> **REQUIRED ACTION**
Starting at the top of the data and ending with the line that holds "China 2, 5 Jiao", transcribe each line exactly; include both ends.

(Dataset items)
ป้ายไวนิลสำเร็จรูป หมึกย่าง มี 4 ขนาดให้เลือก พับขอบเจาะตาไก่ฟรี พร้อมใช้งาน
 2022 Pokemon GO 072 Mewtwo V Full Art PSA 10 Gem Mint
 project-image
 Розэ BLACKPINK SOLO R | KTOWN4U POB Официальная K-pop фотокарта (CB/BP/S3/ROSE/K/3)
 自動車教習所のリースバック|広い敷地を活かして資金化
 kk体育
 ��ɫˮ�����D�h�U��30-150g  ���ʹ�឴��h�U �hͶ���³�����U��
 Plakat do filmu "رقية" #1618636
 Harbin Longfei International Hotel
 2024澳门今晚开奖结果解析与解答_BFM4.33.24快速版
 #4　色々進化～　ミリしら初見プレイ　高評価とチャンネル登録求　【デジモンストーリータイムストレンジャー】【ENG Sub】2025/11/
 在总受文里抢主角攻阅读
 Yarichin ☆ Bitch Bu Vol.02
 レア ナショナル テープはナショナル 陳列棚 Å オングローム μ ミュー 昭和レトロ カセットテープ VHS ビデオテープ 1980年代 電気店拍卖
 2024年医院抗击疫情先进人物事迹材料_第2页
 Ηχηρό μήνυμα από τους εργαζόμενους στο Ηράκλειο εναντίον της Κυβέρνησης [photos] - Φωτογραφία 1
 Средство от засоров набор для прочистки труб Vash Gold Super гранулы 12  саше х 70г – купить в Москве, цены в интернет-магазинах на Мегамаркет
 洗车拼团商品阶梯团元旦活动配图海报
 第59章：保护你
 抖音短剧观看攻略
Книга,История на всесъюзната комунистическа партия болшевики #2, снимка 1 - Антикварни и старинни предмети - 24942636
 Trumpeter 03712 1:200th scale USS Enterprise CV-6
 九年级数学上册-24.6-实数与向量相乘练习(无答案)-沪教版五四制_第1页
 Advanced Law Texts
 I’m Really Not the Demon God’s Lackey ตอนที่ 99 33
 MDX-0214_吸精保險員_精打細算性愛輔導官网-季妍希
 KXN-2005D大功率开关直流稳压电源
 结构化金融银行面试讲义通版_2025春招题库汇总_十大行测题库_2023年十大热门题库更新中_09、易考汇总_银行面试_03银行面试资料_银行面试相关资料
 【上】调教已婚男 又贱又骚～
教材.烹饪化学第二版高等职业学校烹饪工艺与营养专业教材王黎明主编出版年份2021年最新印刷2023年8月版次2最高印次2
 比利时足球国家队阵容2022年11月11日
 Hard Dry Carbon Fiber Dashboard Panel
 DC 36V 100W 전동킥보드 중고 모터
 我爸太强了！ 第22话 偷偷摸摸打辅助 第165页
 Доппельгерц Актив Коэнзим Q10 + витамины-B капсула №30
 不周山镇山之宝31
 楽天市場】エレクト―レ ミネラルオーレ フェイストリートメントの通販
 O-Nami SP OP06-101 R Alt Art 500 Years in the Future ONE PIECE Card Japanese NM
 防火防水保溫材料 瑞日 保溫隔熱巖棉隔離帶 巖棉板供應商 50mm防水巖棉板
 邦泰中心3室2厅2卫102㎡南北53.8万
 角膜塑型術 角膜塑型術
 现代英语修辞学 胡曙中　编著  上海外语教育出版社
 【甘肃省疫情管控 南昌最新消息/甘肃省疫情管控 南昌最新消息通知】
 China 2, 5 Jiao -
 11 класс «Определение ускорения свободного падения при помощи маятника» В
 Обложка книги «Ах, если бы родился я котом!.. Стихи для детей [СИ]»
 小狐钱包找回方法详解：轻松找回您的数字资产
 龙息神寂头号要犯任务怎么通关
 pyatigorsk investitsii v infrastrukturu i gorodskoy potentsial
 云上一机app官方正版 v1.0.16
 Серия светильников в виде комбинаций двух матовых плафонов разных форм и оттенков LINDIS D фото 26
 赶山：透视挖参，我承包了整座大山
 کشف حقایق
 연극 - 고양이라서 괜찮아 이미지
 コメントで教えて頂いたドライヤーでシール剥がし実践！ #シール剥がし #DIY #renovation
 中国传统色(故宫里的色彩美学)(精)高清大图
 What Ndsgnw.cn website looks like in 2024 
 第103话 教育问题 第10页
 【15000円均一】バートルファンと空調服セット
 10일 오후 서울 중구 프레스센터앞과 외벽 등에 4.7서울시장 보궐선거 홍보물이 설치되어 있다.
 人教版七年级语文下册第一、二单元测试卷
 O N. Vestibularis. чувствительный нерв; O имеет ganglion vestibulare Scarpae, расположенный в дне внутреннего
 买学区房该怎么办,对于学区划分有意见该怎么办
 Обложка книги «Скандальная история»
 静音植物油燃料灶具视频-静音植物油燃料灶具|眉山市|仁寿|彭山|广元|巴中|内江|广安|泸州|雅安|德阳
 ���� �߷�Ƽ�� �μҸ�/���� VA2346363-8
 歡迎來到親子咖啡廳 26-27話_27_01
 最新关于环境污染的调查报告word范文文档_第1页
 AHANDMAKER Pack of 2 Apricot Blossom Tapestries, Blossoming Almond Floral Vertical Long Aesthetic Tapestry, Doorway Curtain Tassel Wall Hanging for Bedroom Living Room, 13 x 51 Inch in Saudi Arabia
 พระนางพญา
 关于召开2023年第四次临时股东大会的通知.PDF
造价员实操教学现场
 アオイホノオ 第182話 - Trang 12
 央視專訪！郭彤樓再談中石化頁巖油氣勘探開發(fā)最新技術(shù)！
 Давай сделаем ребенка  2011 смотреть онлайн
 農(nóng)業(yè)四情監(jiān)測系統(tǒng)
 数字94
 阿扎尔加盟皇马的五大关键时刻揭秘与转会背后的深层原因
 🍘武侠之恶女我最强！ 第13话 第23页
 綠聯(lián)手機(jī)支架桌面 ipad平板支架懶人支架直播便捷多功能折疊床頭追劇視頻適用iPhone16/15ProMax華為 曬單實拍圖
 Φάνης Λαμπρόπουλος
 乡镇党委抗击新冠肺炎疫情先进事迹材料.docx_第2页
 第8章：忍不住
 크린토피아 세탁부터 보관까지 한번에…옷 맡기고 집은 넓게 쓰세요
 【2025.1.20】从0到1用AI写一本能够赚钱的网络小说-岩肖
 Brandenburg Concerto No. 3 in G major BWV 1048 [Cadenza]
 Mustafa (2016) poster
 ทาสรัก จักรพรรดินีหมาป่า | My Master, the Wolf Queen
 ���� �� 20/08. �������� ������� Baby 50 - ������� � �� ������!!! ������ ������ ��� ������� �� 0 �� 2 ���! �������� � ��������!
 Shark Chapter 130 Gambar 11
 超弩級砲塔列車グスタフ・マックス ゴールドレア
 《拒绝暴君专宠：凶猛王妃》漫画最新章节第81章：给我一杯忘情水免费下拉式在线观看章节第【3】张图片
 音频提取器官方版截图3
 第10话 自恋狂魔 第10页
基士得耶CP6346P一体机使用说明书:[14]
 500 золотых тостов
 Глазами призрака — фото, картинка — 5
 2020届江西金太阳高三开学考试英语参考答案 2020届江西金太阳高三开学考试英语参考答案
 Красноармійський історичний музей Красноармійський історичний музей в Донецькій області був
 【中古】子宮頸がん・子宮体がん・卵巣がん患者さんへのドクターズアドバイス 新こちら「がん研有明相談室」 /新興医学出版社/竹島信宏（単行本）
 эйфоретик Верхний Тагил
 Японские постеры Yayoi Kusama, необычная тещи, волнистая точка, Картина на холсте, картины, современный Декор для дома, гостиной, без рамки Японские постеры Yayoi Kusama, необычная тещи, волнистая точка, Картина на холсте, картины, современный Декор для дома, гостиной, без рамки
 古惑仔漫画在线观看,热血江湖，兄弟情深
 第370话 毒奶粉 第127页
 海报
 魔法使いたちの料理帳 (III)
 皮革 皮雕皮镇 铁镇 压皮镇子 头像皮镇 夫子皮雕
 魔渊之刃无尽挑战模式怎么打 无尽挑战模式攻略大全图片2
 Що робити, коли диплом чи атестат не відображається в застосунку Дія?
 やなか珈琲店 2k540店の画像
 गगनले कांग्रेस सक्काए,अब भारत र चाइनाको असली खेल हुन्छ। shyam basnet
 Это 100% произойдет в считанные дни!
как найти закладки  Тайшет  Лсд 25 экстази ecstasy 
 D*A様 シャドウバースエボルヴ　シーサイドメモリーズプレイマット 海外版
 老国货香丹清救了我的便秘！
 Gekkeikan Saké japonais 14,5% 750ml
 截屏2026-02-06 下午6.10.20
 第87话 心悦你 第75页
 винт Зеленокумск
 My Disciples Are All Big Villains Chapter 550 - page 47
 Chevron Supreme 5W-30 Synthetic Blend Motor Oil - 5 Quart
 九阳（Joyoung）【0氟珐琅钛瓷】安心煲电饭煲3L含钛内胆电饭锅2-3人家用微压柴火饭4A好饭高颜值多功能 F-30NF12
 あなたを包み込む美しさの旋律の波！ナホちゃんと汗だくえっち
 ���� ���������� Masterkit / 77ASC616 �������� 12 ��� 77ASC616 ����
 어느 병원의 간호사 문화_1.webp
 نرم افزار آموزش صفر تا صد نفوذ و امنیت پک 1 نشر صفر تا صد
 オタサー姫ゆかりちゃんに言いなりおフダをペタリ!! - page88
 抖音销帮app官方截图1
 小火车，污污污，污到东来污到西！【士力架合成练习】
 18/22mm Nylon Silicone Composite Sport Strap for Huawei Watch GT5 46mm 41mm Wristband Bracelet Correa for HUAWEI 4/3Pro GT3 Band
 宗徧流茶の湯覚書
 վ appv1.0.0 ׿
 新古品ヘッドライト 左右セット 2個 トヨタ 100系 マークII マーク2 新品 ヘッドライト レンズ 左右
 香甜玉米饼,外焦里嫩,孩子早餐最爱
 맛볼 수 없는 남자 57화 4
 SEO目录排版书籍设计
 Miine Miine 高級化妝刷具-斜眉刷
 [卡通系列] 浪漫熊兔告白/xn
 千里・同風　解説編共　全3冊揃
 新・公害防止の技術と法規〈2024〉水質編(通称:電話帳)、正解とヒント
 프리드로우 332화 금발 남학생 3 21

> **OUTPUT BELOW**
ป้ายไวนิลสำเร็จรูป หมึกย่าง มี 4 ขนาดให้เลือก พับขอบเจาะตาไก่ฟรี พร้อมใช้งาน
 2022 Pokemon GO 072 Mewtwo V Full Art PSA 10 Gem Mint
 project-image
 Розэ BLACKPINK SOLO R | KTOWN4U POB Официальная K-pop фотокарта (CB/BP/S3/ROSE/K/3)
 自動車教習所のリースバック|広い敷地を活かして資金化
 kk体育
 ��ɫˮ�����D�h�U��30-150g  ���ʹ�឴��h�U �hͶ���³�����U��
 Plakat do filmu "رقية" #1618636
 Harbin Longfei International Hotel
 2024澳门今晚开奖结果解析与解答_BFM4.33.24快速版
 #4　色々進化～　ミリしら初見プレイ　高評価とチャンネル登録求　【デジモンストーリータイムストレンジャー】【ENG Sub】2025/11/
 在总受文里抢主角攻阅读
 Yarichin ☆ Bitch Bu Vol.02
 レア ナショナル テープはナショナル 陳列棚 Å オングローム μ ミュー 昭和レトロ カセットテープ VHS ビデオテープ 1980年代 電気店拍卖
 2024年医院抗击疫情先进人物事迹材料_第2页
 Ηχηρό μήνυμα από τους εργαζόμενους στο Ηράκλειο εναντίον της Κυβέρνησης [photos] - Φωτογραφία 1
 Средство от засоров набор для прочистки труб Vash Gold Super гранулы 12  саше х 70г – купить в Москве, цены в интернет-магазинах на Мегамаркет
 洗车拼团商品阶梯团元旦活动配图海报
 第59章：保护你
 抖音短剧观看攻略
Книга,История на всесъюзната комунистическа партия болшевики #2, снимка 1 - Антикварни и старинни предмети - 24942636
 Trumpeter 03712 1:200th scale USS Enterprise CV-6
 九年级数学上册-24.6-实数与向量相乘练习(无答案)-沪教版五四制_第1页
 Advanced Law Texts
 I’m Really Not the Demon God’s Lackey ตอนที่ 99 33
 MDX-0214_吸精保險員_精打細算性愛輔導官网-季妍希
 KXN-2005D大功率开关直流稳压电源
 结构化金融银行面试讲义通版_2025春招题库汇总_十大行测题库_2023年十大热门题库更新中_09、易考汇总_银行面试_03银行面试资料_银行面试相关资料
 【上】调教已婚男 又贱又骚～
教材.烹饪化学第二版高等职业学校烹饪工艺与营养专业教材王黎明主编出版年份2021年最新印刷2023年8月版次2最高印次2
 比利时足球国家队阵容2022年11月11日
 Hard Dry Carbon Fiber Dashboard Panel
 DC 36V 100W 전동킥보드 중고 모터
 我爸太强了！ 第22话 偷偷摸摸打辅助 第165页
 Доппельгерц Актив Коэнзим Q10 + витамины-B капсула №30
 不周山镇山之宝31
 楽天市場】エレクト―レ ミネラルオーレ フェイストリートメントの通販
 O-Nami SP OP06-101 R Alt Art 500 Years in the Future ONE PIECE Card Japanese NM
 防火防水保溫材料 瑞日 保溫隔熱巖棉隔離帶 巖棉板供應商 50mm防水巖棉板
 邦泰中心3室2厅2卫102㎡南北53.8万
 角膜塑型術 角膜塑型術
 现代英语修辞学 胡曙中　编著  上海外语教育出版社
 【甘肃省疫情管控 南昌最新消息/甘肃省疫情管控 南昌最新消息通知】
 China 2, 5 Jiao -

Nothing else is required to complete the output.